• _ASSIGNMENT_
Only the lines below from the one that contains "1st image of 5910 Hillman Dr" through the one that contains "草莓和蓝莓的排列图片下载" should appear in your answer, exact and without pictures.

• _SOURCE DATA_

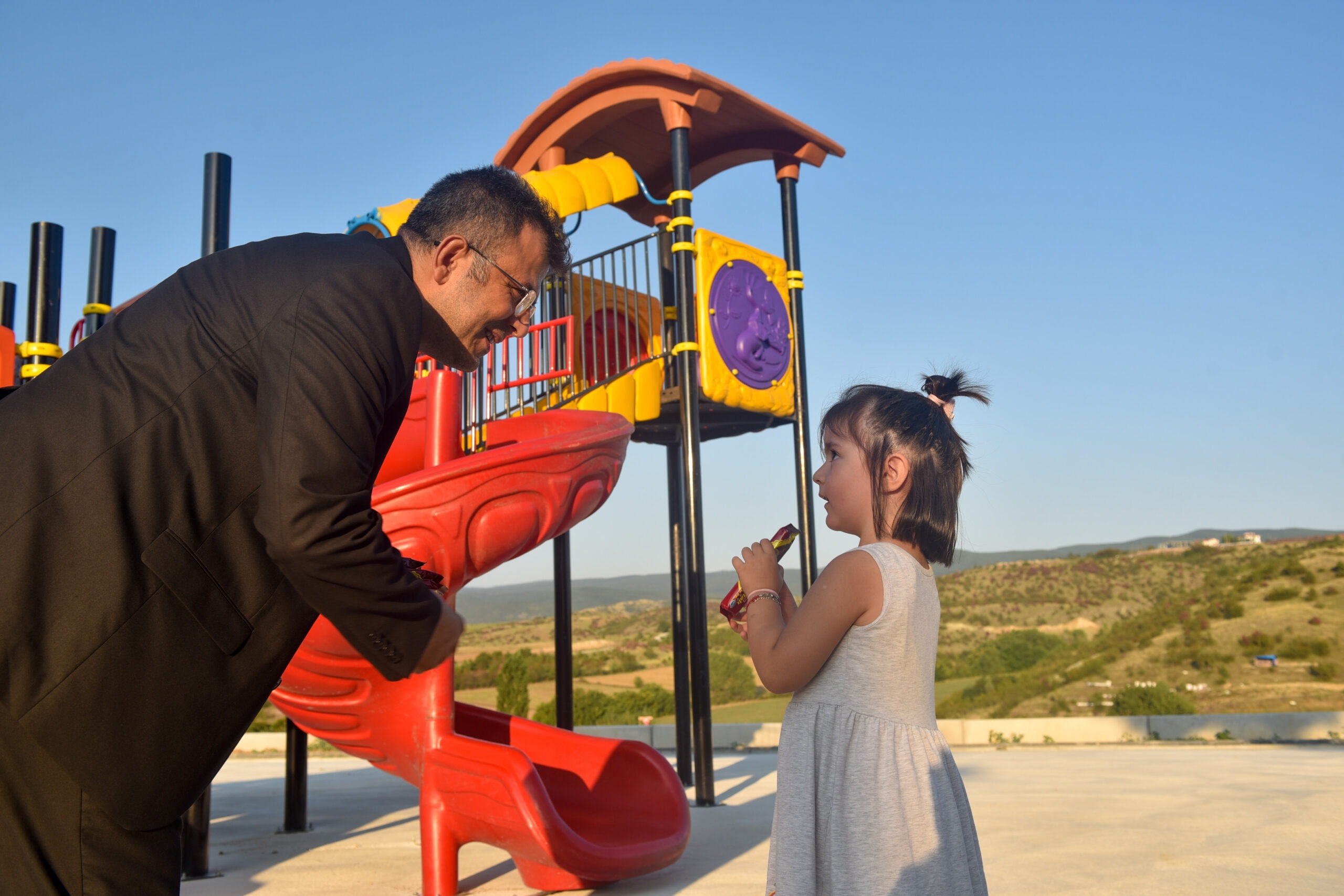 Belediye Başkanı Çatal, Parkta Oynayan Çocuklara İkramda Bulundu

...

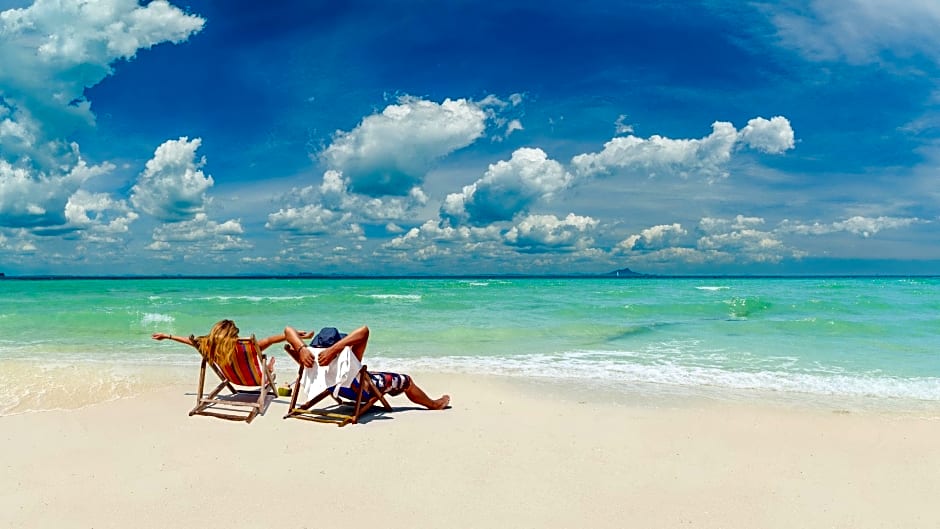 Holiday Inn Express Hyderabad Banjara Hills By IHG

==

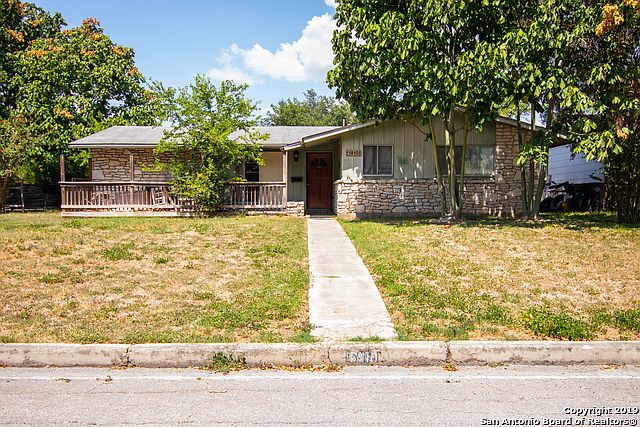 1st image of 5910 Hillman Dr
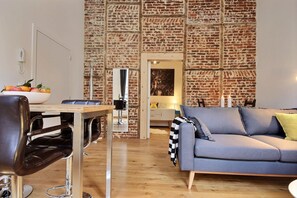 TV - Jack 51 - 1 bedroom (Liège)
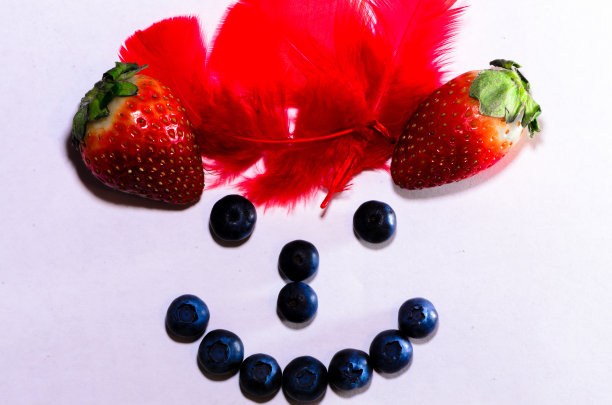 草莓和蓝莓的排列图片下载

• _SOLUTION BELOW_
 1st image of 5910 Hillman Dr
 TV - Jack 51 - 1 bedroom (Liège)
 草莓和蓝莓的排列图片下载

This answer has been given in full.